As a result of failing communication between client 190 (non-AP actor) and a serving AP 202 (AP actor) indicated by, e.g., any of received signal strength (RSSI), congestion in the form of BSS load, direct measurement by client 190, a proportion of time the medium is busy, transmit wait time, number of retries, low modulation and coding scheme (MCS), at 205, serving AP 202 instructs a (STA of) non-AP MLD 201 to send an 802.11k Beacon Report for specific non-collocated APs (e.g., AP3, AP4) that are part of the seamless mobility domain 110 (based on, e.g., uplink RSSI, same floor of building, adjacent room or area, etc.). The beacon report includes link metric values for at least one of signal strength or signal quality values, such as received channel power indicator (RCPI) and received signal to noise indicator (RSNI).

Based on the link metric values, serving AP 202 determines candidate target non-collocated APs and, at 210, assigns them a Link ID valid in the non-AP MLD 201, and uses the IEEE 802.11be Add Link procedure, at 215, to add the non-collocated APs (e.g., target AP 203) to the non-AP MLD 201.

At 220, target APs, including target AP 203 (now with Link IDs in the non-AP MLD 201), report current link info (Beacon content, etc.) to the Serving AP 202, which relays to the non-AP MLD 201 via, at 225, a Reduced Neighbor Report (RNR) with non-collocated APs.

Non-AP MLD 201 uses this information to select target AP 203 (i.e., its Link ID) to roam to (including passive/active scanning, as needed (not shown)).

Roaming Execution 290

At 230, an authentication request, i.e., IEEE 802.11r Fast Transition (FT) procedure within the seamless mobility domain 110 (SMD), is initiated to the target AP 203.

At 235, target AP 203 retrieves security metadata (key exchange data) as per IEEE 802.11r from the serving AP 202 to activate a new MAC instance for the non-AP MLD 201 (i.e., not based on the target AP MAC). At 240, an authentication response is sent from target AP 203 to non-AP MLD 201.

Then, at 245, non-AP MLD 201 initiates an IEEE 802.11 re-association request, (including re-establishing Block ACK) with now serving, target AP 203. At 250, now-serving target AP 203 sends a re-association response to non-AP MLD 201.

Both (a STA affiliated with) non-AP MLD 201 and now-serving target AP 203 maintain the same link membership state.

At 255, now-serving target AP 203 announces roaming success to other relevant APs (Link IDs) in SMD (e.g., (previously) serving AP 202), which now send Beacon information to it for distribution to the non-AP MLD 201.

At 260, (previously) serving AP 202 and non-AP MLD 201 set up per-TID (traffic ID) Block Acknowledgment.

At 265 and 270, serving AP 202 may prune irrelevant non-collocated AP from the MLD using IEEE 802.11be Delete link procedure.
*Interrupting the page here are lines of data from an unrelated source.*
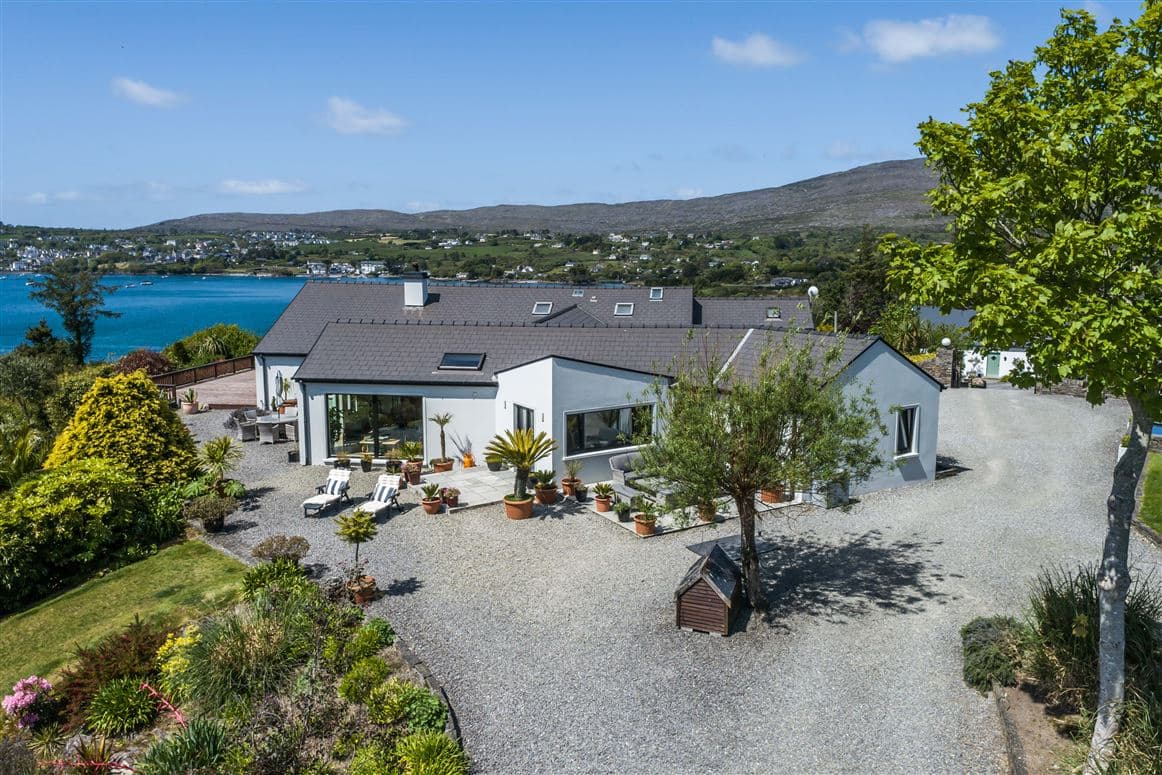 Aerial view of the rear terrace, sun loungers and gardens with hills beyond
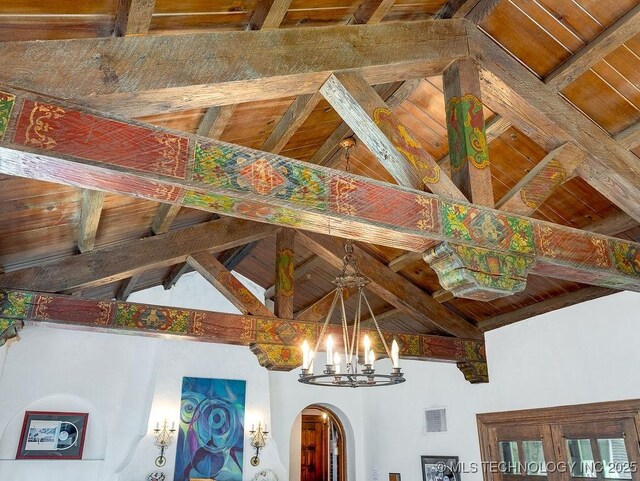 detailed view of arched walkways, beamed ceiling, wood ceiling, and a chandelier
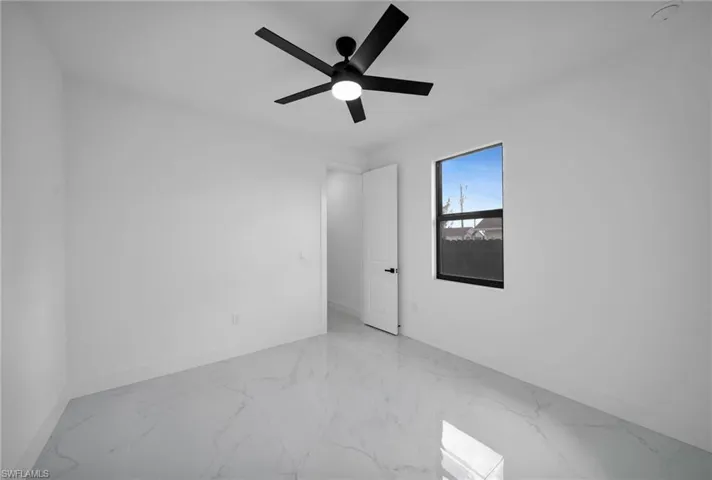 Empty room with baseboards, marble finish flooring, and ceiling fan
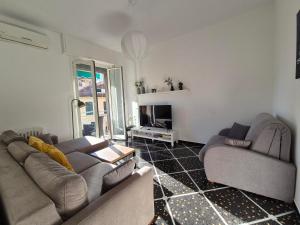 a living room with two couches and a fireplace at Rapallo Centrale in Rapallo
Another way to understand the embodiments described herein is the following. In the methodology, constrained scanning is assumed (e.g., from an optimized Neighbor List) and is shown to achieve roaming of 5-10 msec (ms) with IEEE 802.11r.

Non-AP MLD 201 is configured to support:

• • IEEE 802.11k Radio Measurement Request/Report frames of mode Beacon Request/Report;
  • IEEE 802.11v basic service set (BSS) transition management (BTM) Request frame; and
  • IEEE 802.11r Fast Transition (FT).

When serving AP 202 detects that client 190 (non-AP MLD 201) has a weak or weakening transmission parameter value, such as RSSI or other communication metric noted above, the following steps may be executed.

Serving AP 202 requests a constrained non-collocated Beacon Report from the client (non-AP MLD 201) and the client responds with a Beacon Report listing the non-collocated APs in view (including a link metric, such as their RSSIs or signal to noise ratios).

Thereafter, the serving AP 202 sends a short, trimmed, list of preferred roaming AP candidates (e.g., non-collocated AP links in the MLD adjacent to or on, same floor, etc.) as Neighbor Report elements in at least one of a basic service set transition management (BTM) request frame (with Disassociation Imminent=0), a BTM query frame, or neighbor report response frame to the client (non-AP MLD 201).

Non-AP MLD 201 then initiates Fast Transition to roam to its preferred non-collocated AP MLD candidate (e.g., AP3 in AP MLD2 152, target AP 203) within the trimmed list.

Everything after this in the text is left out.